This essay has three sections. The first offers an interpretation of Tilly’s realism, the second an amendment of the notion of mechanism which Tilly provides, and the third three considerations which may benefit future research. Thus, I start by examining the notion of mechanism and its affinity with concepts denoting change. I show that Tilly is a realist when it comes to such concepts, but his stand is in tension, first, with his occasional turn toward analytical thinking and, second, with his ambition to develop mechanism generalizations. In the second section of the article, I move on to examine comparison more particularly, suggesting that it is hindered by the expectation that mechanisms and their concatenations entail modular constituent events. I argue that the focus be placed on the effects that constitute the defining characteristics of processes and mechanisms, not the way those effects come about. This focus, as I discuss in the third section of the article, facilitates the manner in which we might conceive distinctions among mechanisms and among the concatenation of mechanisms, and has bearing also on how to approach process potentiality. Ultimately, I hold that the program on contentious politics has a purpose, but one which is epistemologically modest regarding generalizations—arguably more modest than what Tilly hoped for.
Realism and Mechanism
The social scientific perspectives which employ notions of mechanism are not necessarily realist; some are seen as analytical (Hedström & Ylikoski, 2010), postpositivist (King et al., 1994), or “unaffiliated” (Stinchcombe, 1998). Nor do all social scientific perspectives seen as realists employ some notion of mechanism. But some of the leading realist perspectives do so. Indeed, these perspectives have brought to the fore one or another notion of mechanism to uphold as superior to the notion of causality as constant conjunction. And so does Tilly’s sociology. Below I discuss what is realist in it and unpack the notion of mechanism which it formulates, drawing connections to the realist philosophy of science and contrast to analytic approaches to social science.

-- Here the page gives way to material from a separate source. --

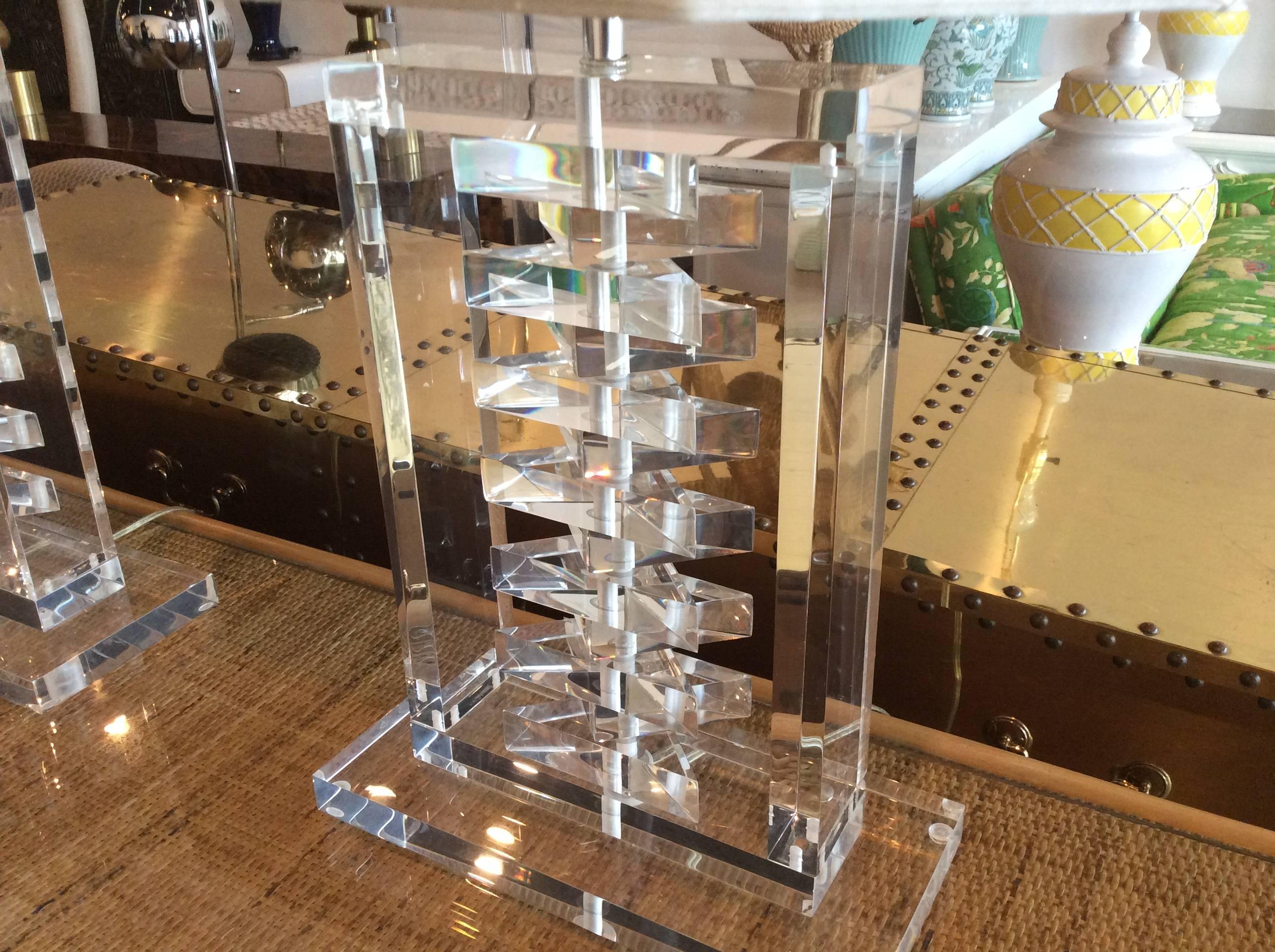 Pair of Lucite Stacked Table Lamps Karl Springer Style Hollywood Regency Shades In Good Condition For Sale In West Palm Beach, FL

Ample differences can be found under the rubric of realism. Two often-mentioned variants are critical realism and scientific realism, the latter a broad and rather elastic grouping. Some principal tenets are shared among realists of all shades. The most fundamental is the ontological position holding that social reality exists independently from the researcher and is ordered to a significant extent. In terms of epistemology, realism holds that the social reality which exists at a deeper level than that betrayed by secure data (sense data and/or data not subject to varied interpretation) is detectable indirectly and, thereby, falls within the purview of the social sciences. This epistemological tenet, taking realism away from empiricism and postpositivism, leads realists to be open to conjecture and to wide-ranging techniques of generating and analyzing data. This and the previous tenet lead many realists to engage in research-specific reflection on the relationship between ontology and epistemology. That is, they are inclined to theorize the non-operationalizable as well as the operationalizable facets of their subject matter and to juxtapose the two theorizations. Thus, they often develop narratives that feature both “analysis at the level of ontology” and “analysis at the level of epistemology.”

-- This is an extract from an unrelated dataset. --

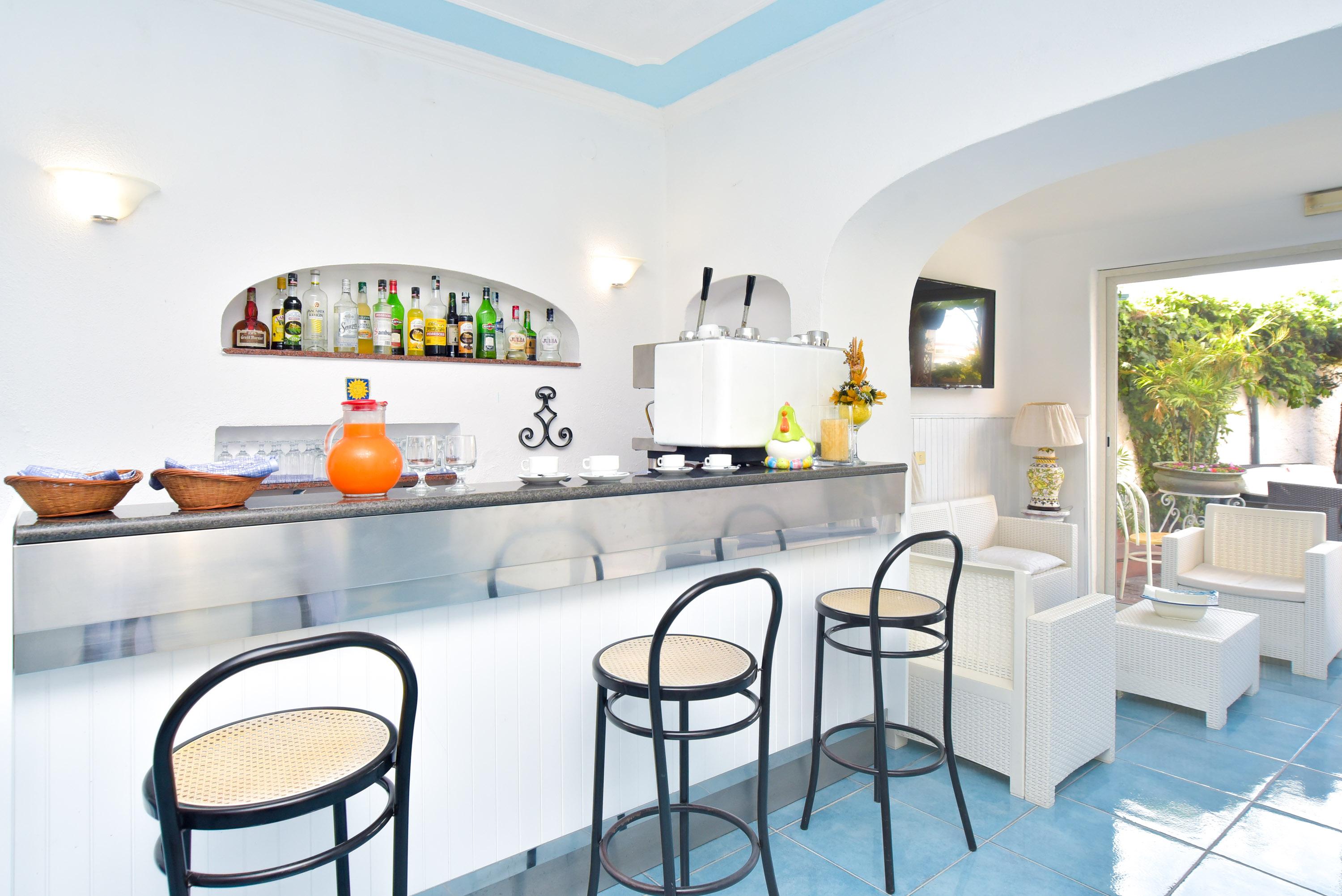 Charme Hotel La Villa Tina イスキア島 エクステリア 写真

Tilly’s work is realistic in the above sense, except for the last part. That is, it accepts a research independent yet directly and indirectly researchable social reality but avoids systematic analysis at the level of ontology and discussion of the ontology–epistemology link. As I elaborate below, important concepts in Tilly’s work leave open questions as to whether they lean toward the ontological or the analytical end of the spectrum of concepts. Furthermore, while Tilly’s stand on causality is evidently realist, it also lacks clear reflection on the ontology–epistemology link.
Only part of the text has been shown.